ヨハネ福音書19章23~27節
2020年4月2日
(内容)
- 十字架につけられたイエスのそばで兵士たちがイエスの着ていたものを分け合っている。イエスは愛する弟子に母をゆだねる。
(黙想)
- 十字架の上からイエスは兵士たちが自分の服を分け合っている姿を見て何を思ったのだろうか。そして心配そうに自分を見ている母と愛する弟子と婦人たちを見た。イエスは、母を愛する弟子にゆだねる。
- 兵士たちがイエスの服を分け合うことについて、聖書の言葉が実現するためとある。言い換えれば聖書の言葉が実現したというのである。これは詩編22の言葉。マタイ、マルコ福音書では、イエスは死の間際、「わが神、わが神、なぜわたしをお見捨てになるのですか」と叫んでいるが、これも詩編22からの言葉。これはイエスの死の意味を教える言葉である。しかし服を分け合ったことはイエスの死の意味に直接関係しているとは思えない。
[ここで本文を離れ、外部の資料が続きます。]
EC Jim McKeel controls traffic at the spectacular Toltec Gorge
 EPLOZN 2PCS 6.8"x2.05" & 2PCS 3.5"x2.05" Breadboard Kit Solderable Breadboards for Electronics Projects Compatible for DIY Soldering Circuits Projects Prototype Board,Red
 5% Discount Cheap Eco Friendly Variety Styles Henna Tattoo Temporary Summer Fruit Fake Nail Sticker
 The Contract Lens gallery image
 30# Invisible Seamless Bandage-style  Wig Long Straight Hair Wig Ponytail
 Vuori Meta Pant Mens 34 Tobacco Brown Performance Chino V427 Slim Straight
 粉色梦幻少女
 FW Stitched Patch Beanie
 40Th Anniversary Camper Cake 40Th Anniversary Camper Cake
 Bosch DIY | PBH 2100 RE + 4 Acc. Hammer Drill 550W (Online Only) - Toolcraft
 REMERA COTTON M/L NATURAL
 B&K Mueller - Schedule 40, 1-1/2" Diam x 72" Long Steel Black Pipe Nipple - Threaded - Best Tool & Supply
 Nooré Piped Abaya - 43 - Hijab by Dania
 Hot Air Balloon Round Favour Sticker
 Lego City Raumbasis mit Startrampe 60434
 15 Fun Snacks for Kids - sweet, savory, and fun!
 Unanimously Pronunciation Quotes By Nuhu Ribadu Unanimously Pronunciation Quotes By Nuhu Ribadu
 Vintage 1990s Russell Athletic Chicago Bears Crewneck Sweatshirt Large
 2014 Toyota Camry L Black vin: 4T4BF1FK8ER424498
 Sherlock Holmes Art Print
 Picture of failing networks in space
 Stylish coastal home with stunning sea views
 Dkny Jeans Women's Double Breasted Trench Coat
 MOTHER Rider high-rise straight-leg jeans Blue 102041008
- 聖書の言葉が実現するため、という言葉は、イエスの十字架の死が偶然の死、予想できなかった死であったという理解を退ける。イエスの死はむしろ予想された死、来るべきものが来たという理解へ導く。19章には、聖書の言葉が実現、と繰り返されていて、イエスの死は起こるものと定められていたという理解が示されている。
- あらかじめ予想、予期されていたとはどういうことか。イエスをメシアと信じる立場からすれば、メシアの登場が預言され、それが実現したという意味になる。あるいはメシアを後にこの世に送るという神の計画があり、それが実現したということになる。
- するとこの聖書の箇所は私たちに、神は計画を持つ神であり、それを予告し、そして実現させる神であることを教えている。歴史の中で働かれる神である。さらに言うと、神は私たちにも計画を予告し、いつの日かそれを実現させる神である。どんな計画を神は持っていられるのか。
(聖書に聞く)
☆神はいかなる方か
- (御父)神は計画を持つお方。歴史の中で計画を告知し、それを実現させる方。
- (御子)自分の亡き後、母の愛する弟子にゆだねている。
☆神が私たちに求める生き方
- (教え)神は私たちにも計画を知らせ、それを実現する方。新約聖書は終末の事柄を語る。終末が到来したとき、私たちはそれを確認することができる。私たちは復活し、最後の審判が行われ、神の国に迎えられ、神の計画の実現を喜ぶことができる。
(神の導き)
☆祈り
- 天の父なる神さま、「聖書の言葉が実現」が印象に残りました。旧約聖書にはメシアを待望する言葉があります。イエスの弟子たちはイエス我十字架で死んだことに対して、そこにどんな意味があるのかを知るために旧約聖書を読み、イエス様の死の意味を聖書の中に発見したと思います。イザヤ書53章には、十字架の場面をまざまざと思い起こさせるようなことが書いてあります。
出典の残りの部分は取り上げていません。